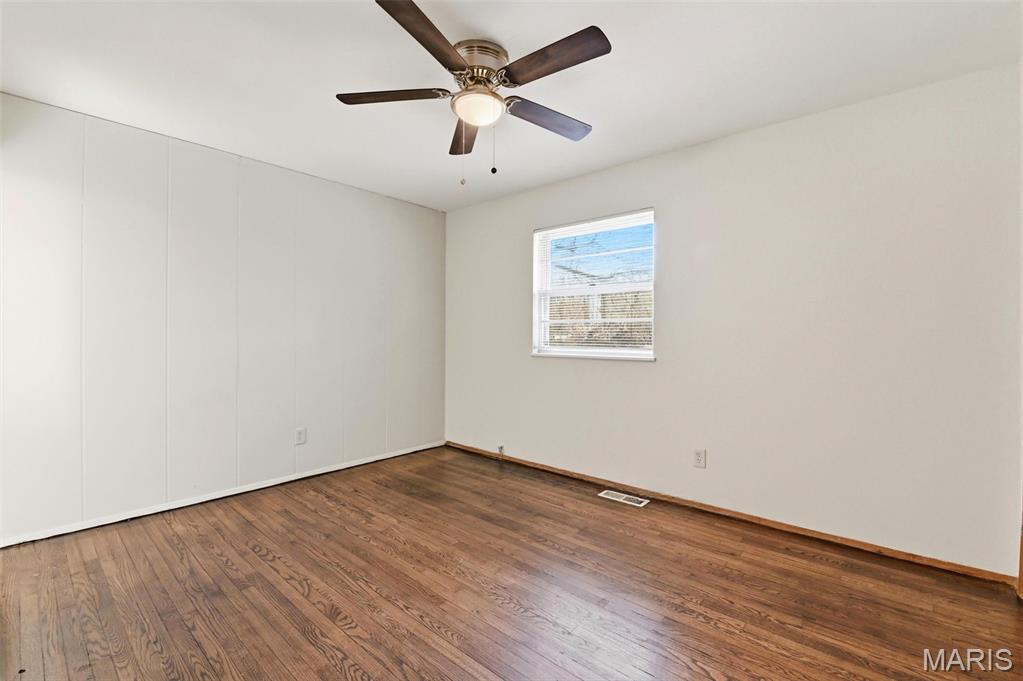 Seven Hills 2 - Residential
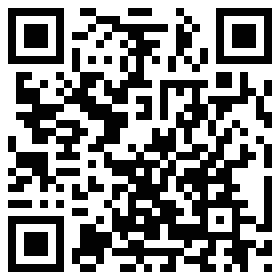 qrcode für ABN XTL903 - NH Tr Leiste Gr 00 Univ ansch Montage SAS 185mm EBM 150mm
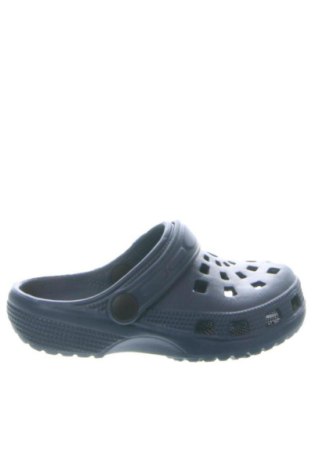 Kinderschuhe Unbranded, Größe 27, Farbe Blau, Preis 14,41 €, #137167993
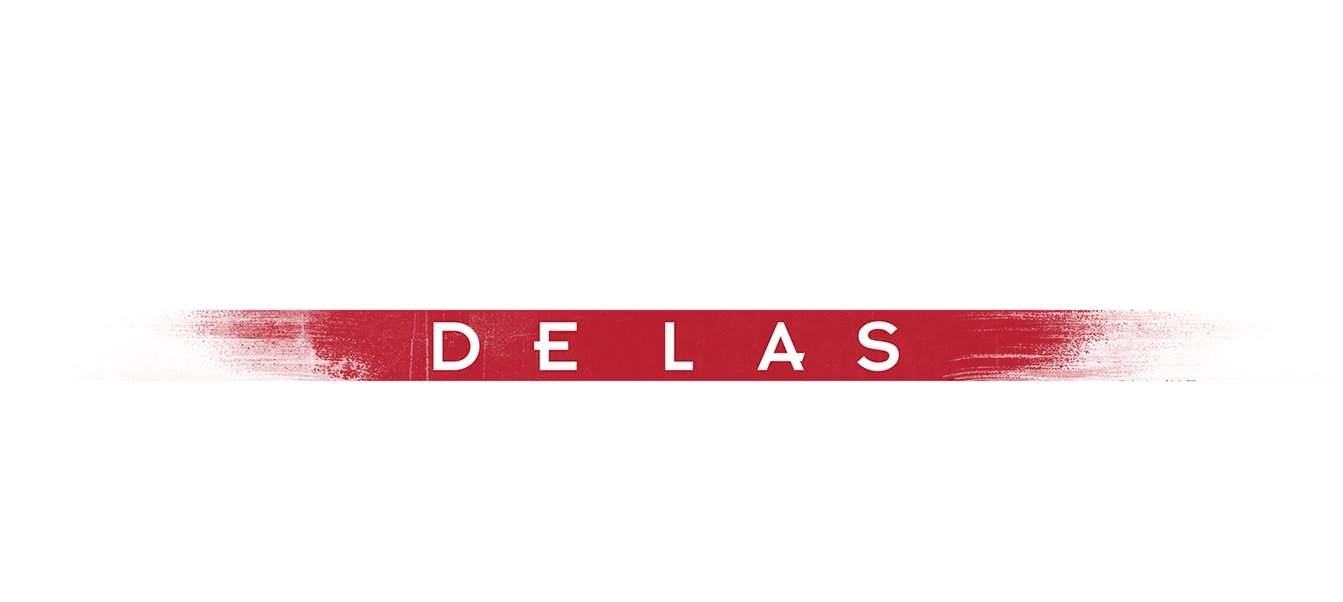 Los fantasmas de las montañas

Task requirements: Skipping any pictures, transcribe the full listing exactly.

Task response:
 Seven Hills 2 - Residential
 qrcode für ABN XTL903 - NH Tr Leiste Gr 00 Univ ansch Montage SAS 185mm EBM 150mm
 Kinderschuhe Unbranded, Größe 27, Farbe Blau, Preis 14,41 €, #137167993
 Los fantasmas de las montañas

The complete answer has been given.